- **Entries provided**:
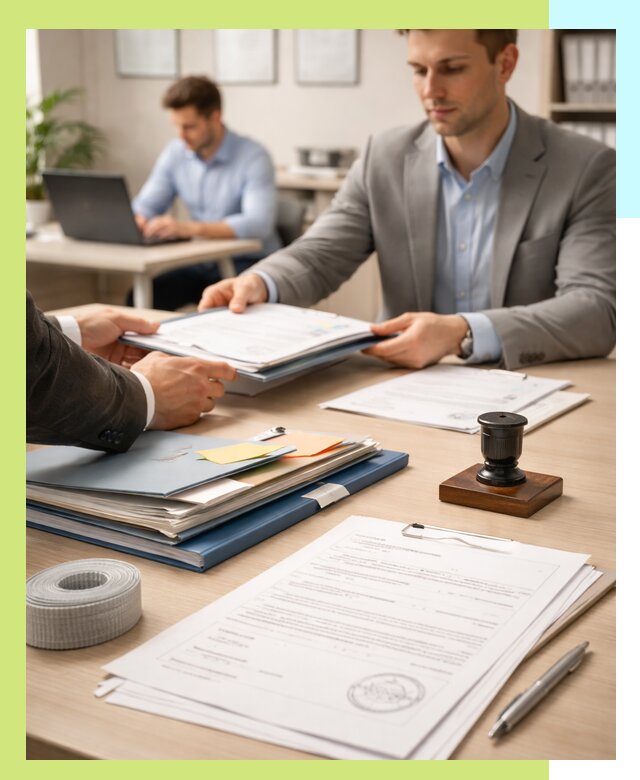 Выдача сертификата на услуги в Мурманске — подтверждение качества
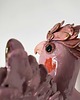 figurki i rzeźby Rajski ptak - rzeźba ceramiczna 4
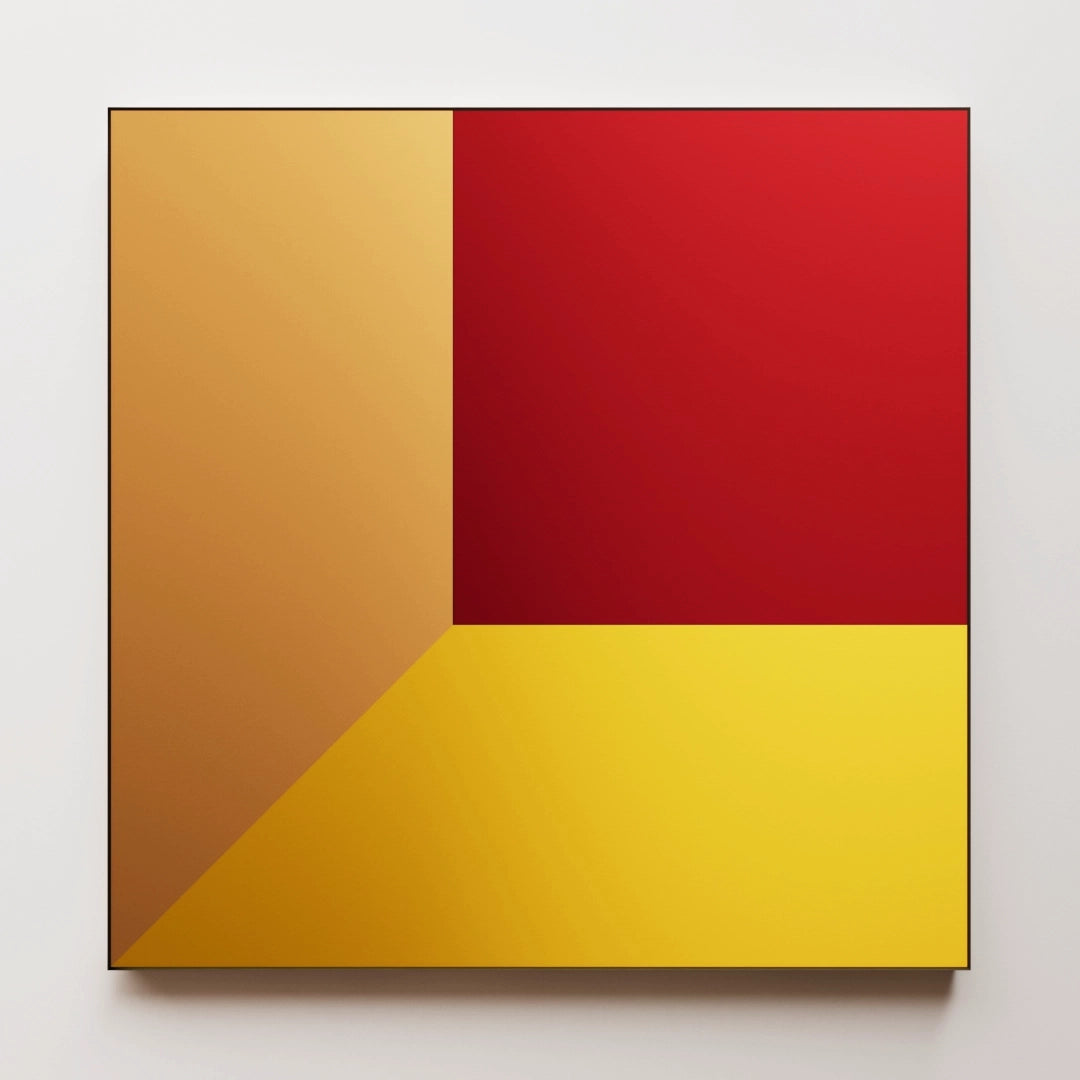 tile mirror series 1 tile #6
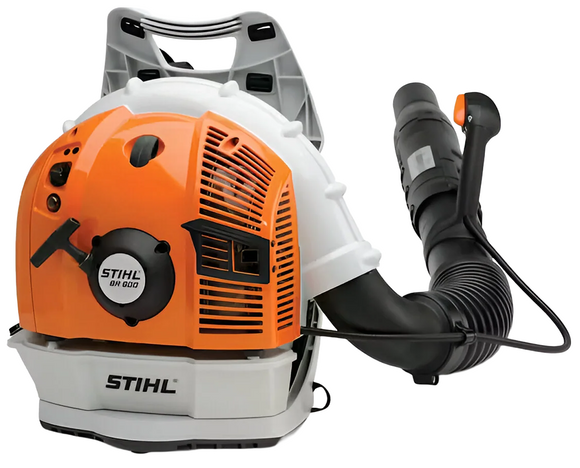 Gas and battery-powered backpack leaf blowers for professional landscaping, yard cleanup and clearing leaves and debris | Arns Equipment Calgary & Online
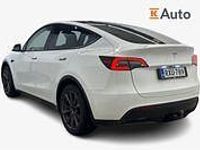 Käytetty Tesla Model Y RWD 219 kW (299 HP) 2023 Valkoinen Katumaasturi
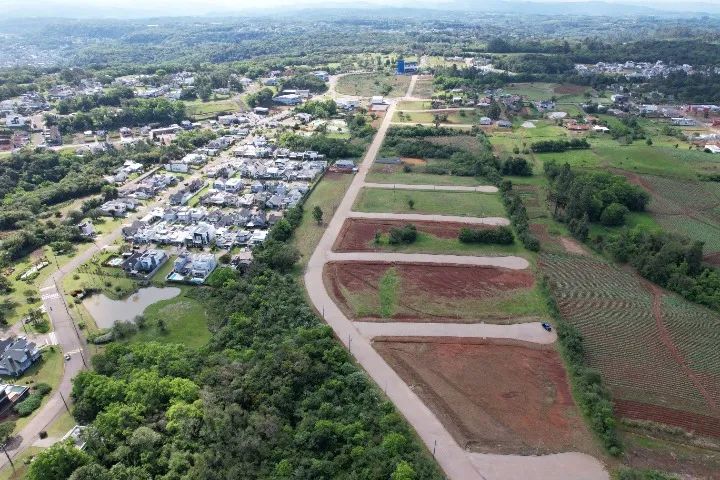 Terrenos no Jardim das Flores - Country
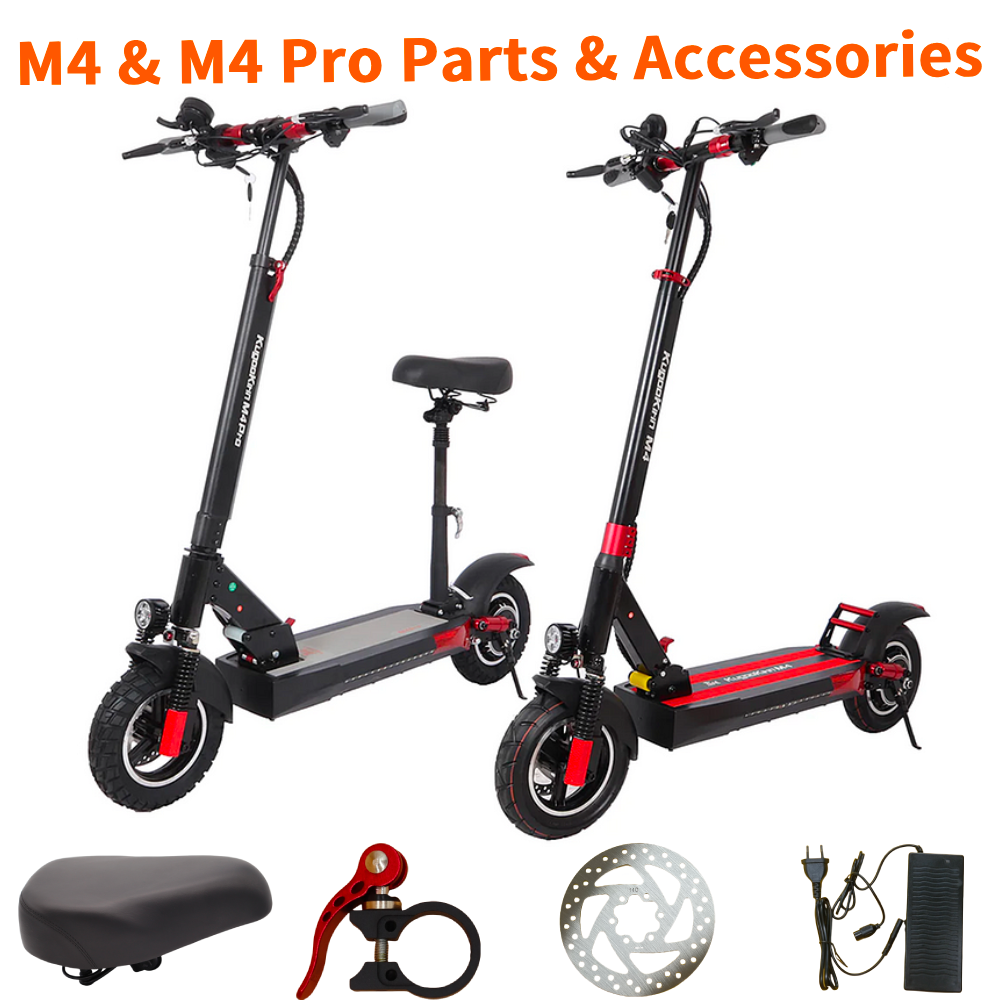 Barre De Poignée Pour Scooter électrique Kugoo Kirin G4 - Accessoire Guidon, Fixation Facile
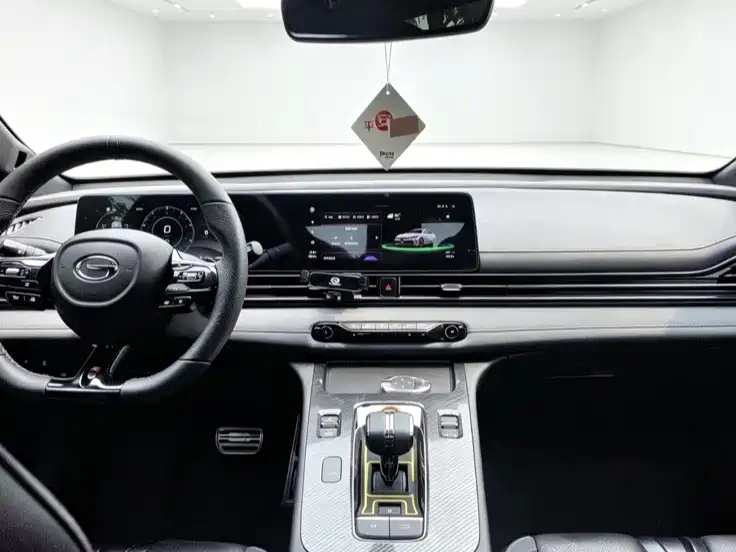 Photo 5 - GAC Trumpchi Trumpchi Emkoo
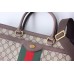 Gucci Ophidia GG Briefcase In GG Supreme Canvas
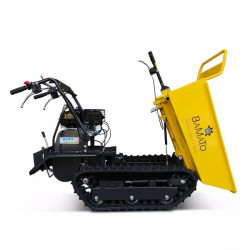 Купити Думпер гусеничний, міні самоскид Bamato MTR-300G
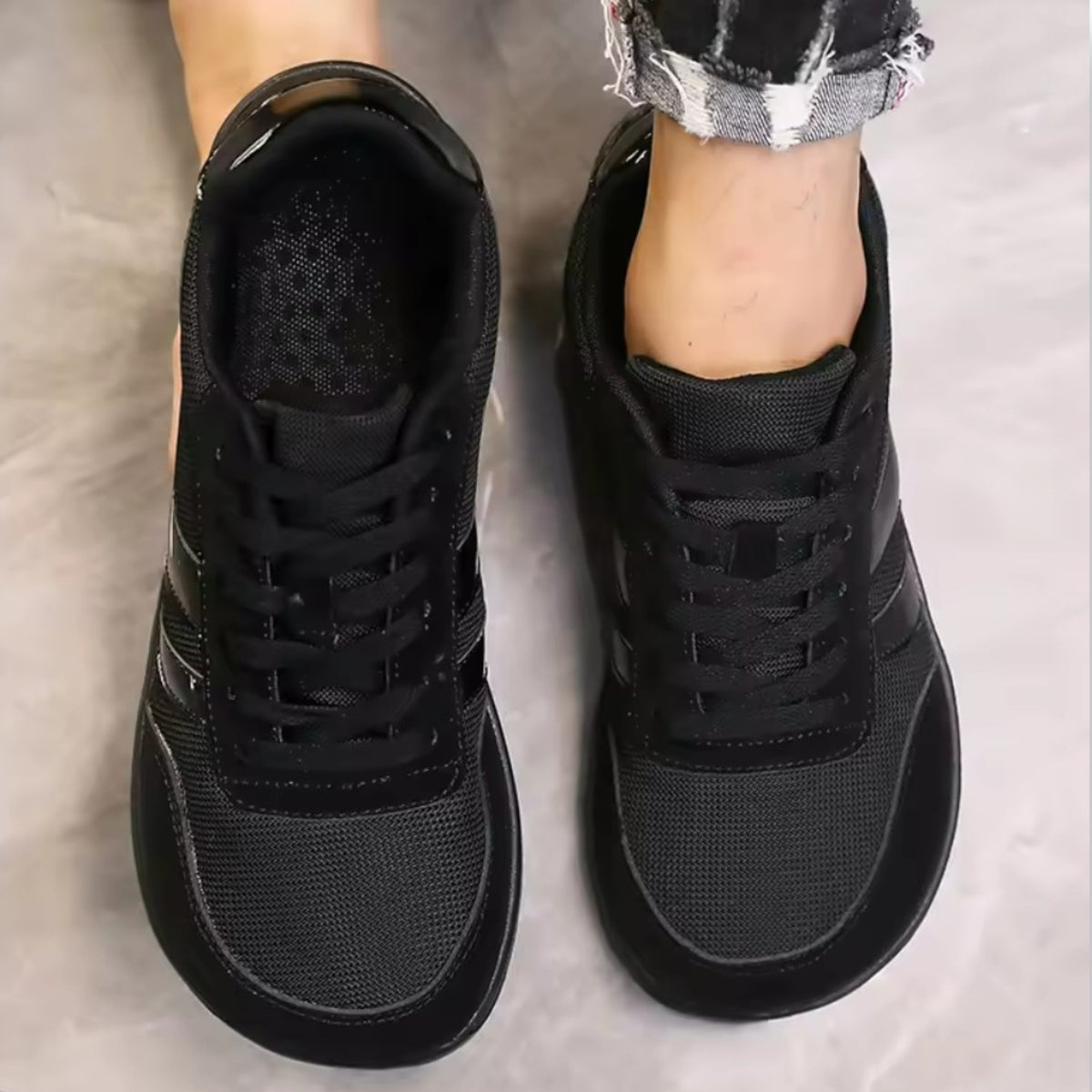 Urban Retro — Zapatillas Barefoot Estilo Deportivo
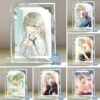 Khung kính Anime Manga Cecilia và Lawrence Shiro Seijo to Kuro Bokushi  - để bàn by 2D Tộc Shop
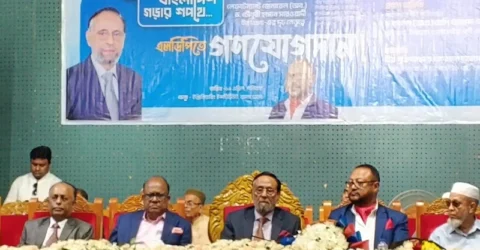 দেশের জন্য কাজ করছেন নাকি আ’লীগকে পুনর্বাসনের অপেক্ষা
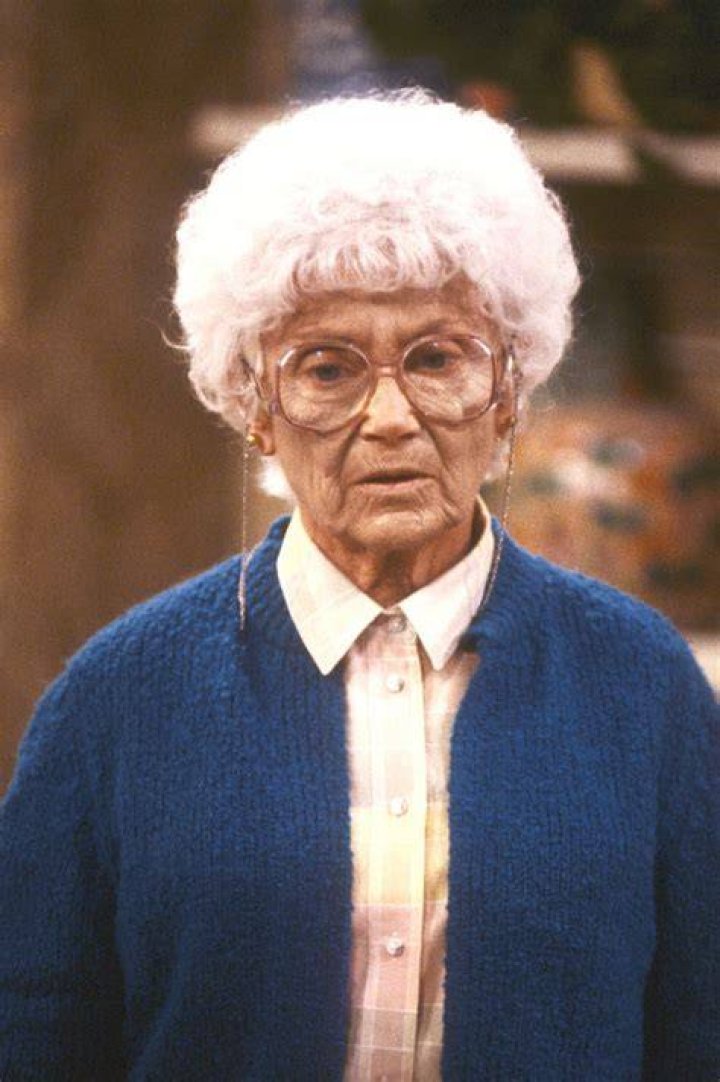 Estelle Getty Estelle Getty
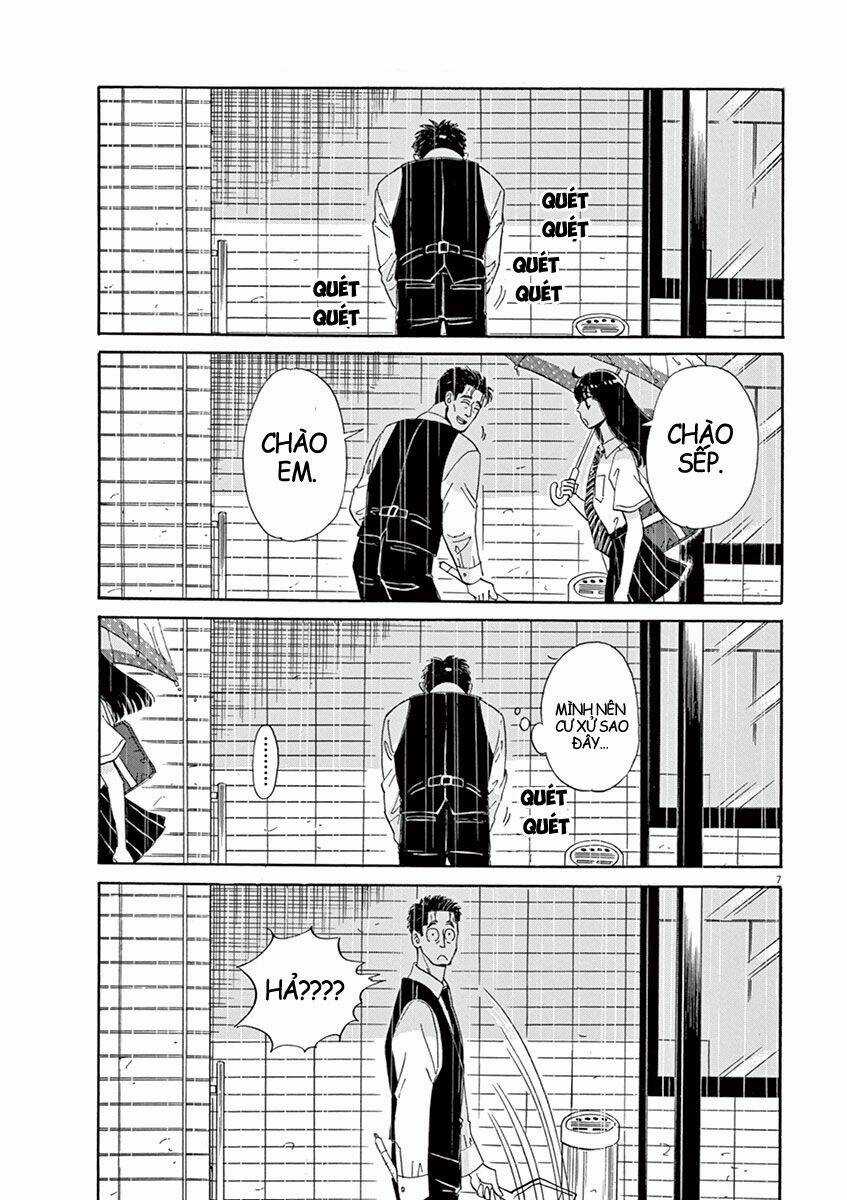Koi Wa Ameagari No You Ni Chapter 9 trang 11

- **Prompt**: Every record above should come back exactly, but without its pictures.

- **Result**:
 Выдача сертификата на услуги в Мурманске — подтверждение качества
 figurki i rzeźby Rajski ptak - rzeźba ceramiczna 4
 tile mirror series 1 tile #6
 Gas and battery-powered backpack leaf blowers for professional landscaping, yard cleanup and clearing leaves and debris | Arns Equipment Calgary & Online
 Käytetty Tesla Model Y RWD 219 kW (299 HP) 2023 Valkoinen Katumaasturi
 Terrenos no Jardim das Flores - Country
 Barre De Poignée Pour Scooter électrique Kugoo Kirin G4 - Accessoire Guidon, Fixation Facile
 Photo 5 - GAC Trumpchi Trumpchi Emkoo
 Gucci Ophidia GG Briefcase In GG Supreme Canvas
 Купити Думпер гусеничний, міні самоскид Bamato MTR-300G
 Urban Retro — Zapatillas Barefoot Estilo Deportivo
 Khung kính Anime Manga Cecilia và Lawrence Shiro Seijo to Kuro Bokushi  - để bàn by 2D Tộc Shop
 দেশের জন্য কাজ করছেন নাকি আ’লীগকে পুনর্বাসনের অপেক্ষা
 Estelle Getty Estelle Getty
Koi Wa Ameagari No You Ni Chapter 9 trang 11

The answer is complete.